Consider for a moment the impact a project of that scope can have on your home and your family.

  • An aluminum clad window is secured in the wall by a nailing flange on the exterior side of the house wall.  If your home is brick, stone, or stucco, it is impossible to remove the window frame without damaging the surrounding material.  Picture the resulting appearance of your home after that brick, stone, or stucco has been patched back in around the new window.
  • In many cases, a contractor may elect to not cut away the exterior material to remove the window.  But wait, I just said that was the only way to do it right?  Yes, but that’s not how its always done.   Some contractors will remove the nailing flange and screw the new frame into the opening through the sides.  Yes, it holds the frame in place.  Now let’s talk about sealing, flashing, and water leaks.  There is no way to wrap around the new frame and seal it to the wall using this technique.  Good luck with that!
  • What happens on the interior with a full window replacement?  Drywall damage, painting, colors not matching, blinds not fitting, dust, mess…for days and days, and days.  Your ultimate satisfaction comes down to the quality of contractors working in your home, their attention to detail, and respect for you and your home.  Still keep in mind, the hail damage wasn’t inside your house, but now you have a major mess on your hands!
  • I’ll save poor contractor service, quality, communication, integrity, and follow-up for another post.

A Better Idea

Fenster has a better way to repair hail damaged windows.  Removing the entire window is no longer necessary.  In most cases, hail damage only occurs on the face of the sash panel.  The sash is the glass and frame surrounding the glass that you open and close.  On most aluminum clad windows, there is very little surface of the frame exposed and is often protected by the surrounding exterior finishes requiring only the sash panel by replaced.  Not the whole window!

 

 

 

 

 

Our Quiksash for hail damaged windows is an after-market sash replacement system engineered to retro fit directly into the existing window frame without modification and without affecting the fit, form or function of the window.   Fenster guarantees same like, kind, and quality on every Quiksash model to closely resemble the original sash and not significantly change the appearance of the window in any way.  When Quiksash is used on a home 10 years or older, the quality and efficiency of glass technology will exceed the original window actually upgrading the window from its original performance.

This is the first of a multi-part series on our Quiksash for hail damaged windows products and their advantages over full replacement.  Stay tuned for more.  In the meantime, please visit our website, www.fensterusa.com for more information about Quiksash and our other window repair products.

4 Comments

  • Harris Snyder
    Posted August 19, 2017 at 6:27 pm | Permalink

    I had Coradco double hung windows in my house for 22 years, and recently had to replace the Jambliners in one of those windows.
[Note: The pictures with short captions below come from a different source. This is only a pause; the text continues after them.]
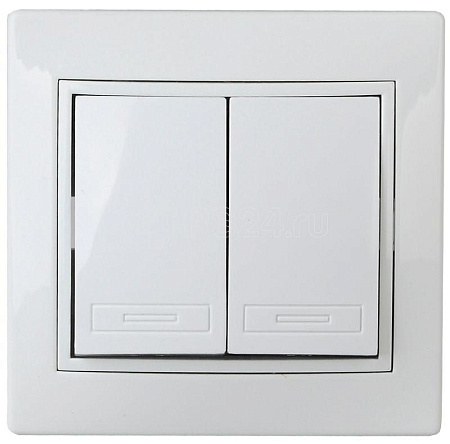 Выключатель "Intro Plano" СП 2кл. белый 10А-250В IP20 1-104-01 *10/200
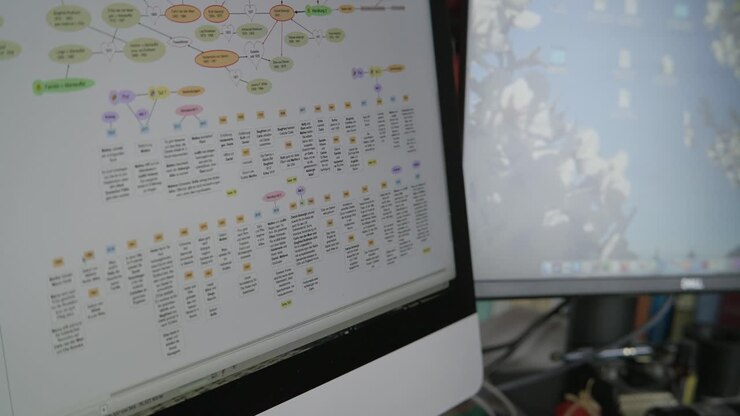 En professionel forfatter, der arbejder ved sin computer, viser storyboardet og det fokus, det kræver at vække en historie til live.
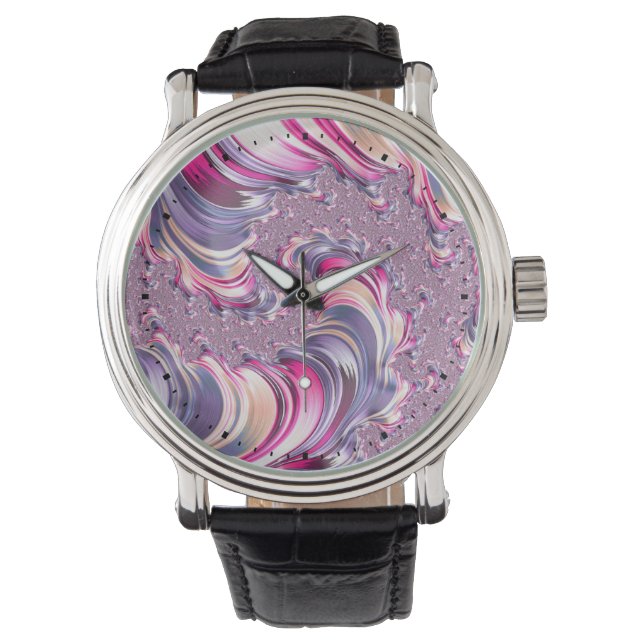 Abstract Pink Purple Spiral Fractal Watch (Front)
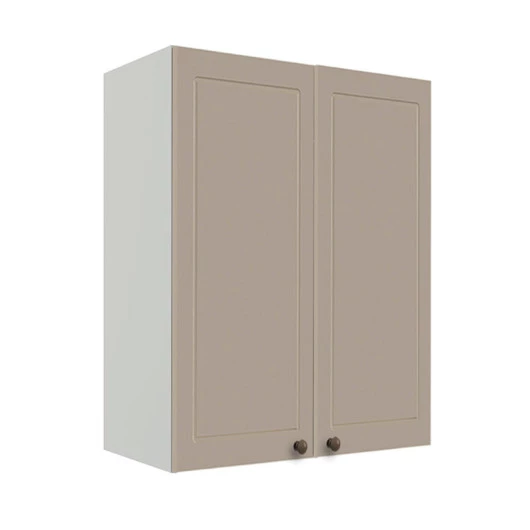 Módulo Armário Aéreo 88x70x34cm 2 Portas 100% MDF Cozinha Provence Robel Branco/Fendi Matte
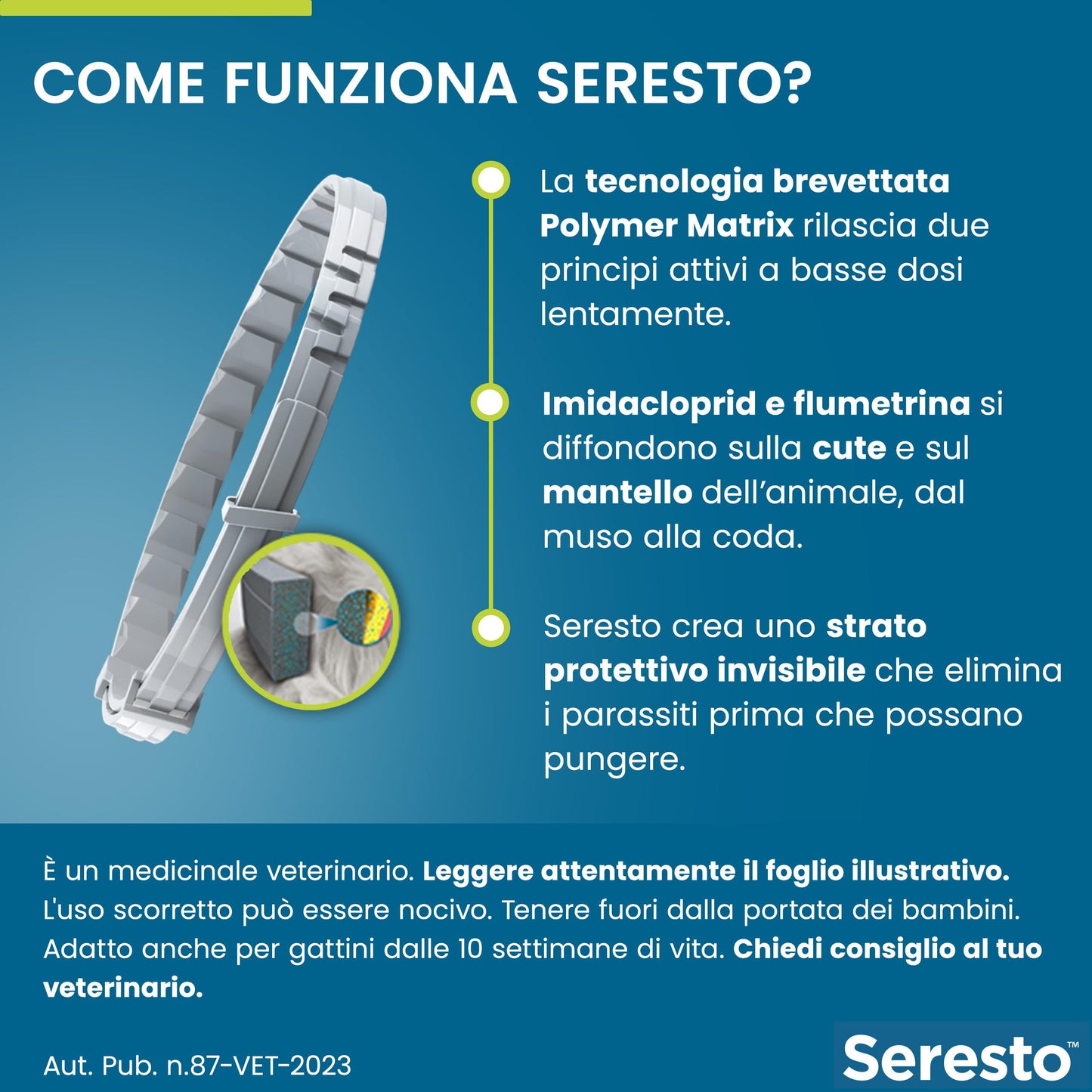Seresto® Collare Antiparassitario Gatti Elimina Protezione Pulci Zecche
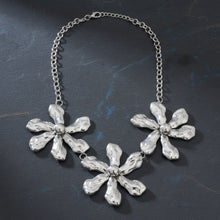 Load image into Gallery viewer, Bib Silver Chunky Floral Organic Petal Necklace
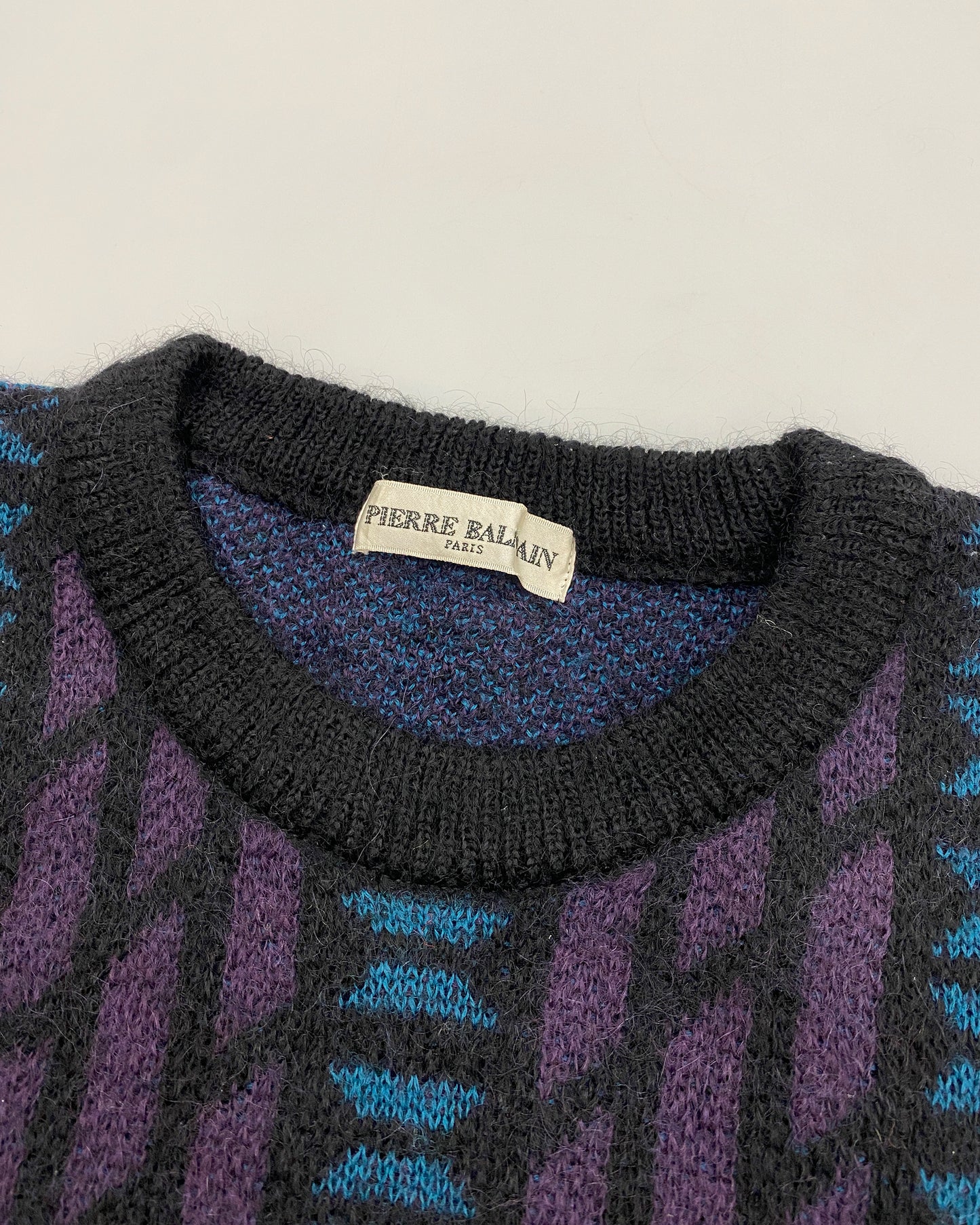 Pierre Balmain 1990s Knit Sweater Black Purple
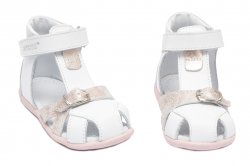Sandale copii  - Sandalute fete inalte pe glezna hokide 231 alb roz sidef 18-24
The process of purchasing the replacement Jambliner kit (doublehung balance kit) from Fensterusa was somewhat stressful for me because, while I am very handy, this was my first window repair and I did not want to create a problem for myself in the order process. I am happy to report that the kit worked as advertised and the install was successful. The following are some helpful hints to anyone else who attempts this for the first time:
    1. The on-line diagram of the cross-section of the jambliner does not show the measurement for the width of the square plough. I do not know if Coradco had other sash’s besides the ones in my house. If your window’s plough width is approx. 1/2″, these Jambliners will work.
    2. The tilt pins have an “R” and “L” on them (Right and Left). The instructions, at least to me, seemed vague on how to use this information. The correct assumption is that you are looking at the window from the inside of the house.
    3. These jambliners contain an improvement over the original Coradco jambs. They have locking pins, which is where the sash tilt pins rest when the sashes are installed. After I installed the jambliners in the window frame, I pulled the locking pins down almost to the bottom of the their allowed travel. The locking mechanism kept them at this low point. When I inserted each sash (with the title pins installed), and tilted the sashes back into the jambs, the locking mechanism released and the sashes slid up (and down) as designed.

    • Posted August 20, 2017 at 8:44 pm | Permalink

      Harris, It’s great to hear our product worked out for you and thank you for your business! I apologize for the stressfulness. Sometimes the technical jargon just can’t be avoided. One thing I’ll add to your comments for the sake of other readers; the size of the plough is another industry “standard”. If you have windows with a square plough, they are all the same, at least to our 17 years experience. We haven’t found one to not work. Thanks again!

  • Tim Smith
    Posted January 10, 2018 at 8:07 pm | Permalink

    Hi Ryan
    I’m looking to replace 3 windows in my house that I had to rent out.
    They are Caradco wood windows with aluminum on the outside the wood is rotten from the top being left open year round. The opening is approximately 64”x 37 1/2”
    Can you help?

    • Posted January 16, 2018 at 12:58 pm | Permalink

      Tim, More than likely! Caradco is our biggest seller! We have 5 Caradco models we can do. You’d have to tell us which one you have. You can review those and order from our website, https://www.fensterusa.com. Thanks!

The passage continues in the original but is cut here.